Some feminists will say that women can not afford to acknowledge the potentialy physically limiting factor of periods, because it will set back the struggle to equal rights. But then, why acknowledge the potentially physically limiting factor of childbirth, which also sets back the struggle, since a man who chooses to become a father does not have to take time off from work (but perhaps, should have the right to do so.) I think in general, feminism, in its struggle to prove that women are equal to men, has forgotten that a woman's body is different, in terms of menstruation, pregnancy, childbirth, and lactation, and that a major stumbling block to equality in the workforce is lack of legal accomodations for those diffferences - the US does not even have mandatory maternity leave. That is a huge issue for women who want to have children, and it is discriminatory in that a man wanting to have children does not face the possibility of being laid off for needing time to physically recuperate from the biological ramifications of his fathering offspring.

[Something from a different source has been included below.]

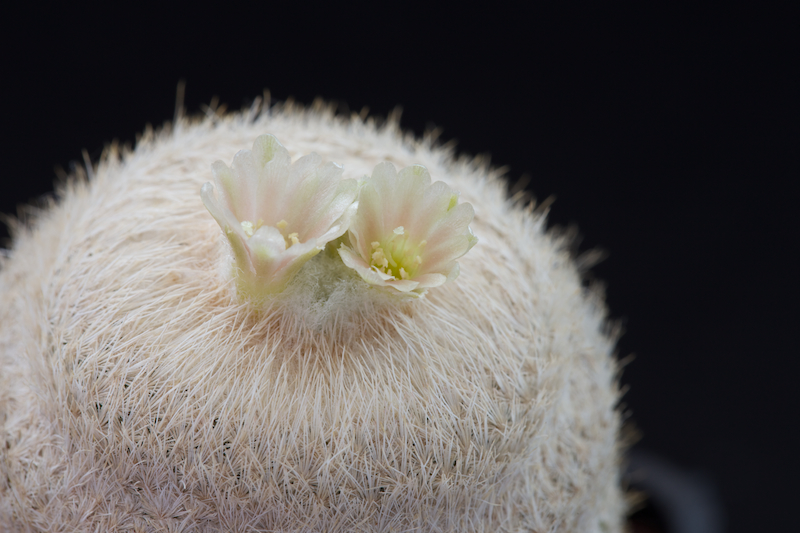 Epithelantha bokei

As a matter of fact, I protest to the very concept of having to prove that I as a woman am equal to a man. In proving myself to patriarchal society, I acquiesce to that society's right to demmand proof, and recognize the validity of the assumption I am trying to disprove. True feminism must seek an overhaul of the entire power structure, as opposed to trying to change the position of women within a pre-existing patriarchal framework.

Lastly, for those who may think menstrual taboos have vanished: I can not tell you the number of times I heard (mostly) males make jokes about how if Hillary Clinton became president, she could screw up America's diplomatic ties with certain countries, because if she was in a diplomatic meeting and had PMS - bam! There went America's good relationship with whatever country the poor unfortunate diplomate who had to endure her PMS belonged to. What I find especially interesting is that no one ever suggests that male presidents might make diplomatic concessions to countries represented by hot women, even though our society has this concept that when a man sees a beautiful woman his tongue falls out, and he loses the power to say no to anything she says. If you wonder why I am not mentioning men falling for beautiful men, the answer is that I would not expect society to discuss that, because society is heteronormative.

*http://www.mechonhadar.org/yeshiva-courses

** I think this might be according to Rabbi Heschel, and remember learning about it in Ms. R. Weinstein's 12th grade Tanach class.

*** same root as kedesha, prostitute. Also, Rashi on "kedoshim tihiyu" - "prushim tihiyu" - kadosh has a sense of being set apart. The Jews are set apart for God, the wife and husband are set apart for each other. The kedesha is set aside for sexual functions - this word might also be connected to cultic prostitution.

**** And society has a long way to go before full equality is achieved.